- Opening Delimiter -

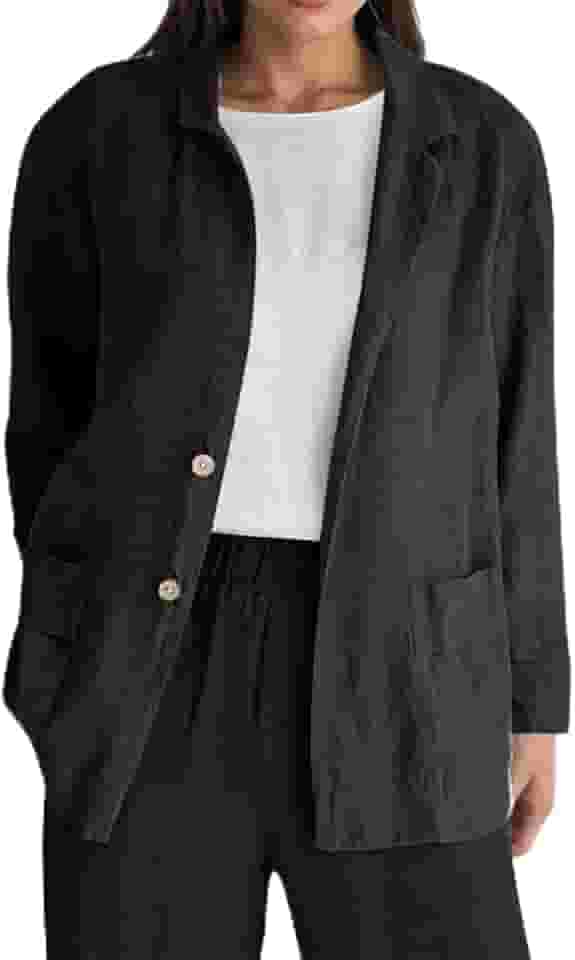 Blazer feminino leve, casual, de algodão, manga comprida, com botões, ajuste solto, para trabalho, escritório, com bolsos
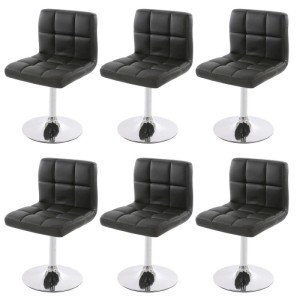 Sechs schwarze MCW Cadiz Esszimmerstühle im Set. Modernes Design mit Kunstlederbezug, quadratischer Steppung und verchromtem Drehfuß.
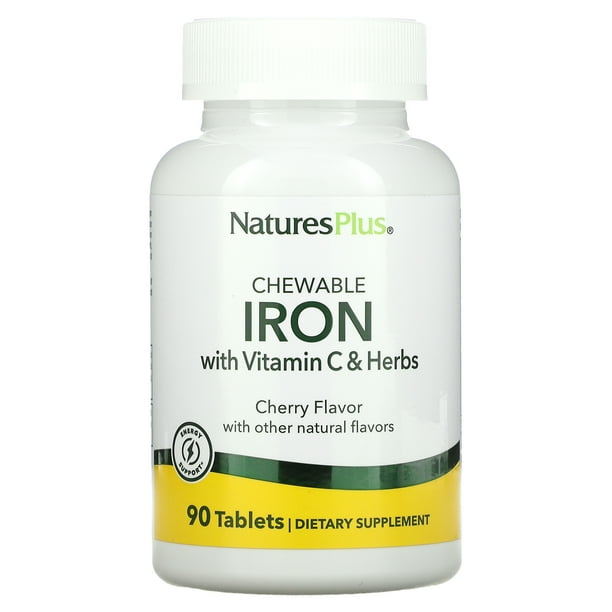 Nature's Plus Chewable Iron with Vitamin C and Herbs 90 Chewable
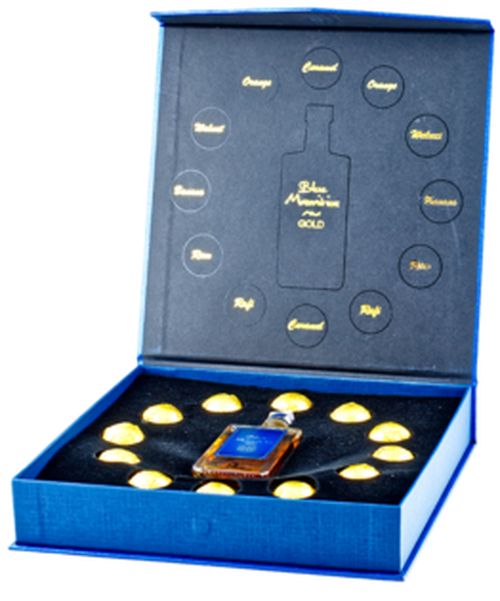 Blue Mauritius Gold Rum Pralines 100 g, Blue Mauritius Gold 40% 0,05L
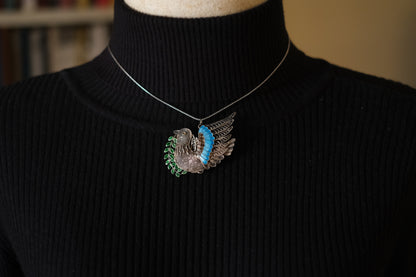 Vintage Chinese Filigree Enamel Bird Brooch Pendant – 925 Silver Dove with Olive Branch – Blue Green Cloisonné Accents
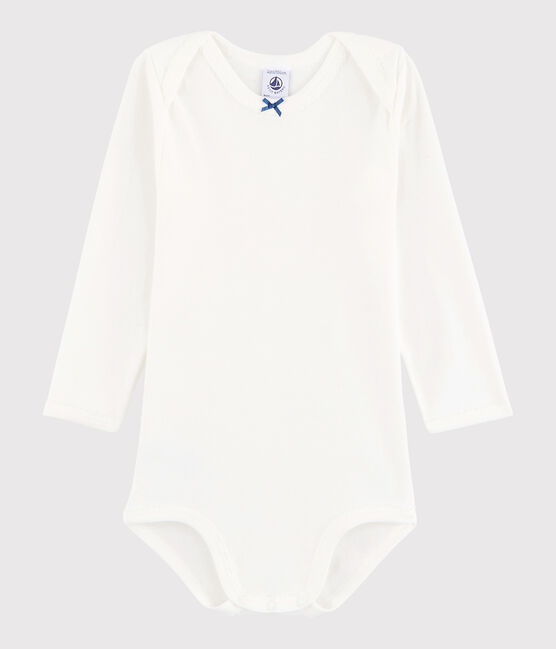 Body manica lunga bebè femmina bianco MARSHMALLOW/blu ACIER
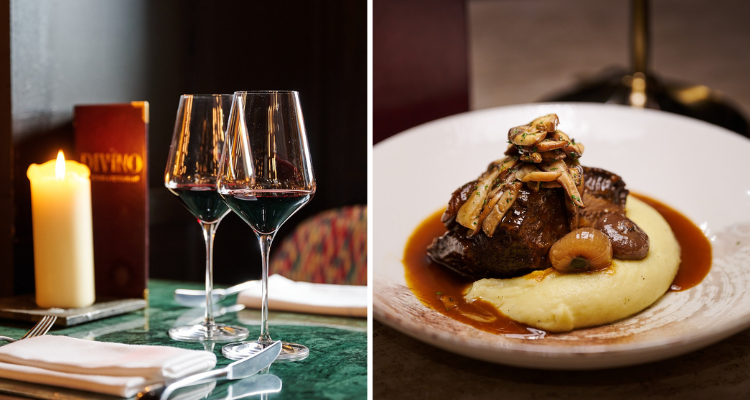 Divino Enoteca Wine Bar and Restaurant drinks and food.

- Closing Delimiter -

*Work instruction*:
Set down, exactly as written, each line from the one that contains "Vintage Chinese Filigree" to the last line of the records, but none of the pictures.

*Task output*:
 Vintage Chinese Filigree Enamel Bird Brooch Pendant – 925 Silver Dove with Olive Branch – Blue Green Cloisonné Accents
 Body manica lunga bebè femmina bianco MARSHMALLOW/blu ACIER
 Divino Enoteca Wine Bar and Restaurant drinks and food.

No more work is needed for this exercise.